We draw widgets in the window title

    It's no secret to anyone, today the population is mainly dominated by widescreen monitors and they are forced to save the number of pixels vertically. This spawned a fashion for drawing controls right in the window title. Now you won’t surprise anyone with this, but, nevertheless, I haven’t found a solution to this problem on Qt, so now we will fix it:



    In the dark dungeons of our qutIM laboratorythe ToolFrameWindow class was born, which is very similar to classes such as QMainWindow and QToolBar. I won’t describe the WinAPI ordeals; I don’t want to clutter up the article. To achieve this effect, it is necessary to expand the client area to the entire window and manually handle the cursor position so that you can move and resize the window. At the same time, transparency disappears, for its return QtDWM helps us.

    Next, I would like to describe the principle of its use:


    First of all, you need to give him a widget for which we will draw the buttons in the header, this is done by calling the setCentralWidget method. This is done in such a way that it is as easy as possible to transfer existing code and not create difficulties on other platforms.

    ToolFrameWindow w;
    Form form;
    w.setCentralWidget(&form);

    * This source code was highlighted with Source Code Highlighter.





    Adding Actions:

    Buttons are added to the header using the addAction method, you can also add empty addSpace or add the addSeparator separator.

    QAction action(&w);
    w.addSpace(16);
    w.addAction(&action);
    w.addSeparator();

    * This source code was highlighted with Source Code Highlighter.

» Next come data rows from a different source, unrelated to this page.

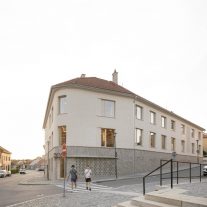 Kulturní Centrum Pivovar por Acronym Collective Studio
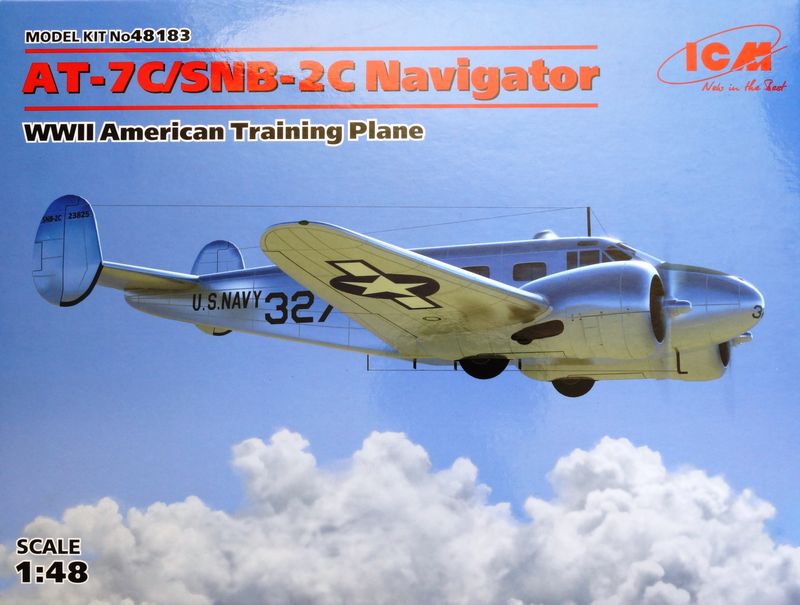 ICM - AT-7C/SNB-2C Navigator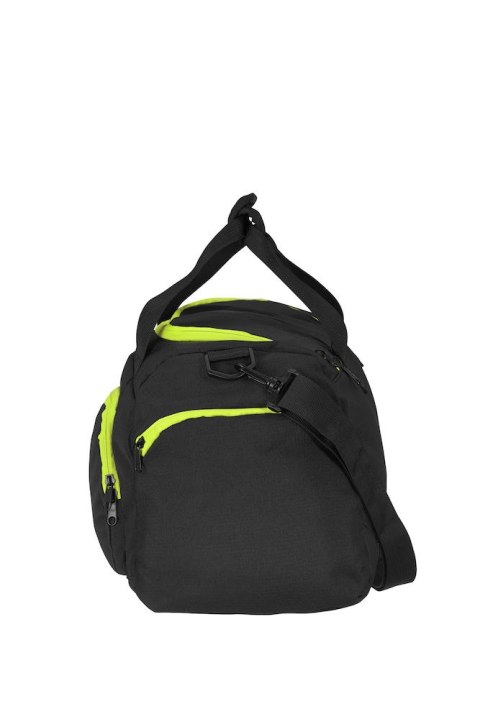 TORBA ACTIVE LINE SPORTBAG, mała - ONE SIZE (BLACK/ YELLOW)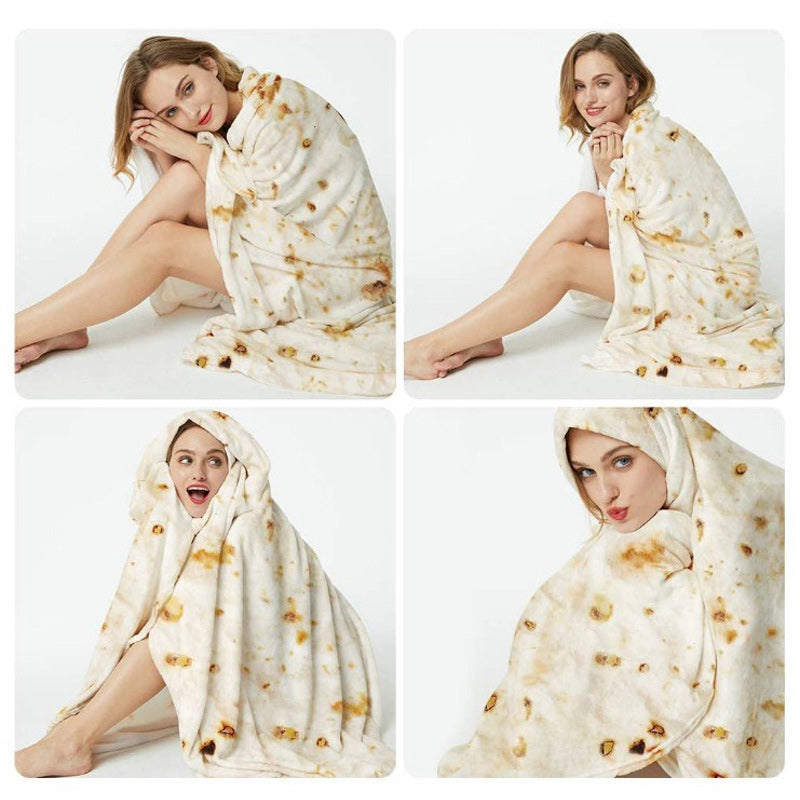 Great Collection Of Burrito Blankets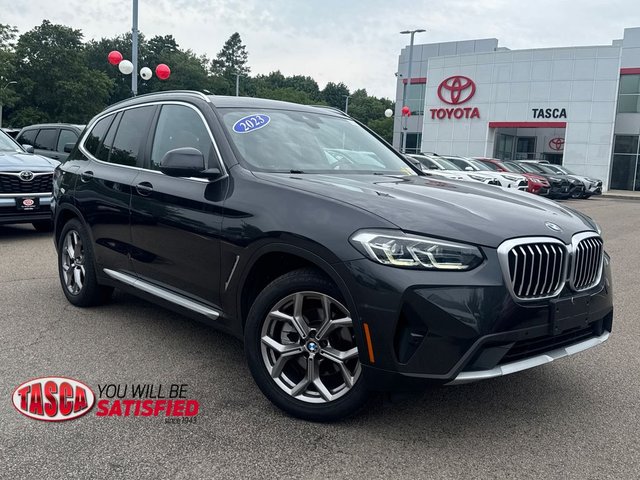 2023 BMW X3 xDrive30i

    Adding tabs, buttons, labels and other widgets:


    Especially for adding all this disgrace, the addWidget method was provided, when adding, you can specify the alignment through Qt :: Aligment, which allows you to make buttons like in the screenshot. As for the button itself, it is made of QPushButton using qss styles, in particular border-image helped a lot. I tried using QGraphicsDropShadowEffect to draw a glow under the text, but the strength of the glow turned out to be too small. This led to some confusion, but I remembered the good old border-image and decided to make a horse move: draw a glow as a picture and apply it as border-image

      QPushButton btn;
      btn.setIcon(QIcon(":/ubuntu.png"));
      btn.setStyleSheet("QPushButton { "
               "border: 5px;"
               "border-image: url(:/button.png);"
               "}");
      btn.setMinimumSize(64, 22);
      btn.setMaximumSize(64, 22);

    * This source code was highlighted with Source Code Highlighter.




      QLabel lbl(QObject::tr("Glow caption. Text with glow"));
      lbl.setStyleSheet("QLabel {border-image: url(:/background.png);border: 5px; }");

    * This source code was highlighted with Source Code Highlighter.


    It turned out not quite perfect, there is still much to strive for in choosing the right parameters and dimensions of the glow, but in general this solution is quite simple and at the same time flexible.

    I want to note that Qt sometimes tears the roof off because the widget's space has expanded due to the title. For example, pos () can now take negative values, although this should ideally not be.

    Conclusion


    One small screenshot:

    The most daring can try this plugin. But it has not yet been frankly completed, we will talk about it later.

    Many thanks to dtf for the war with APIs and for the implementation of all winAPI methods. The library code is available in gitorious (download the habrahabr tag). The license is currently GPLv2. To use it in your code, it is enough to copy the necessary files to your project, the test program is in the wincaption directory.